Search code examples
node.jsredisnode-redisbullbull-queue

Bulls Queue Performance and Scalability: Queue.add(), Queue.getJob(jobId), Job.remove()


My use case is to create dynamic delayed job. (I am Using Bulls Queue which can be used to create delayed Jobs.)

Based on some event add some more delay to the delayed interval (further delay the job).

Since I could not find any function to update the Delayed Interval for a Job I came up with the following steps:

onEvent(jobId):
  // queue is of Type Bull.Queue
  // job is of type bull.Job
  job = queue.getJob(jobId)
  data = job.data
  delay = job.toJSON().delay
  job.remove()
  queue.add("jobName", {value: 1}, {jobId: jobId, delayed: delay + someValue})

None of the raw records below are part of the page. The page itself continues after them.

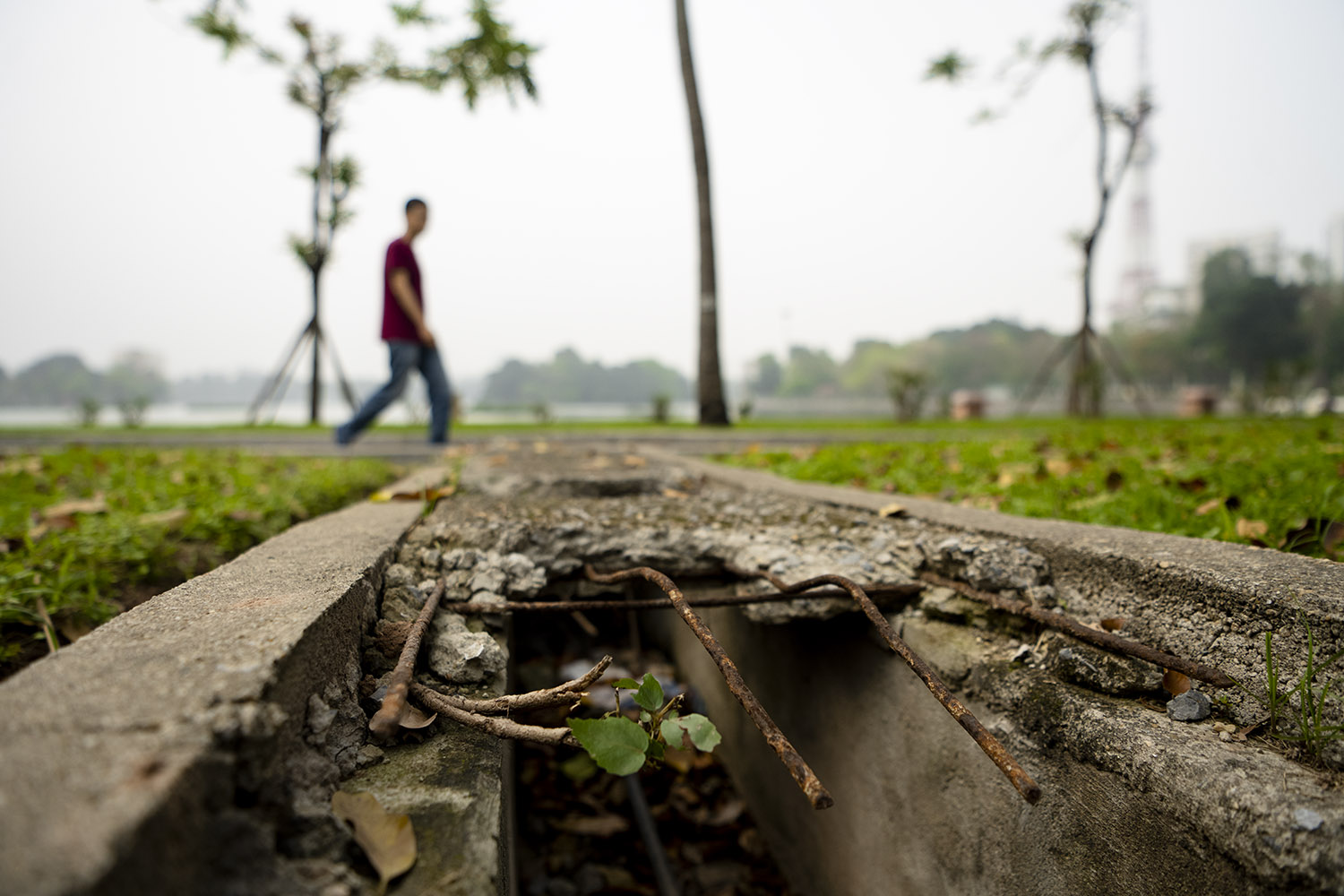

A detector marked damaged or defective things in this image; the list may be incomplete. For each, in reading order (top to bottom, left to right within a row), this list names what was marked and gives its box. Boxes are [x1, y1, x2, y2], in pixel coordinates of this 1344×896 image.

cracked concrete edge [0, 467, 452, 892]
rusty rebar [371, 577, 449, 741]
bent steel rod [457, 582, 919, 617]
rusty rebar [454, 582, 925, 617]
rusty rebar [583, 566, 833, 811]
bent steel rod [586, 566, 833, 811]
rusty rebar [731, 566, 1043, 806]
bent steel rod [731, 566, 1043, 806]
cracked concrete edge [642, 445, 1344, 612]
rusty rebar [919, 572, 1231, 693]
bent steel rod [919, 572, 1231, 693]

This pretty much solves my problem.

But I am worried about the SCALE at which these operations will happen.

I am expecting nearly 50K events per minute or even more in near future.

My Queue size is expected to grow based on unique JobId.

I am expecting more than:

  • 1 million daily entry
  • around 4-5 million weekly entry
  • 10-12 million monthly entry.

Also, after 60-70 days delayed interval for jobs will reach, and older jobs will be removed one by one.

I can run multiple processor to handle these delayed job which is not an issue.

My queue size will be stabilise after 60-70 days and more or less my queue will have around 10 million jobs.

I can vertically scale my REDIS as required.

But I want to understand the time complexity for below queries:

 queue.getJob(jobId)  // Get Job By Id
 job.remove() // remove job from queue
 queue.add(name, data, opts) // add a delayed job to this queue

If any of these operations are O(N) OR the QUEUE can keep some max number of Jobs which is less than 10 million.

Then I might have to discard this design and come up with something entirely different.

Need advice from experienced folks who can guide me on how solve this problem.

Any kind of help is appreciated.


Solution

  • Taking reference from the source code:

    queue.getJob(jobId)

    This should be O(1) since it's mostly using hash based solutions using hmget. You're only requesting one job and according to official redis docs, the time complexity is O(N) where N is the requested number of keys which will be in the order of O(1) since I'm expecting bull is storing few number of fields at the hash key.

    job.remove()

    Considering that a considerable number of your jobs is going to be delayed and a fraction of them are moved to waiting or active queue. This should be O(logN) on an amortized level as it's mostly using zrem for these operations.

    queue.add(name, data, opts)

    For job addition in a delayed queue, bull is using zadd so this is again O(logN).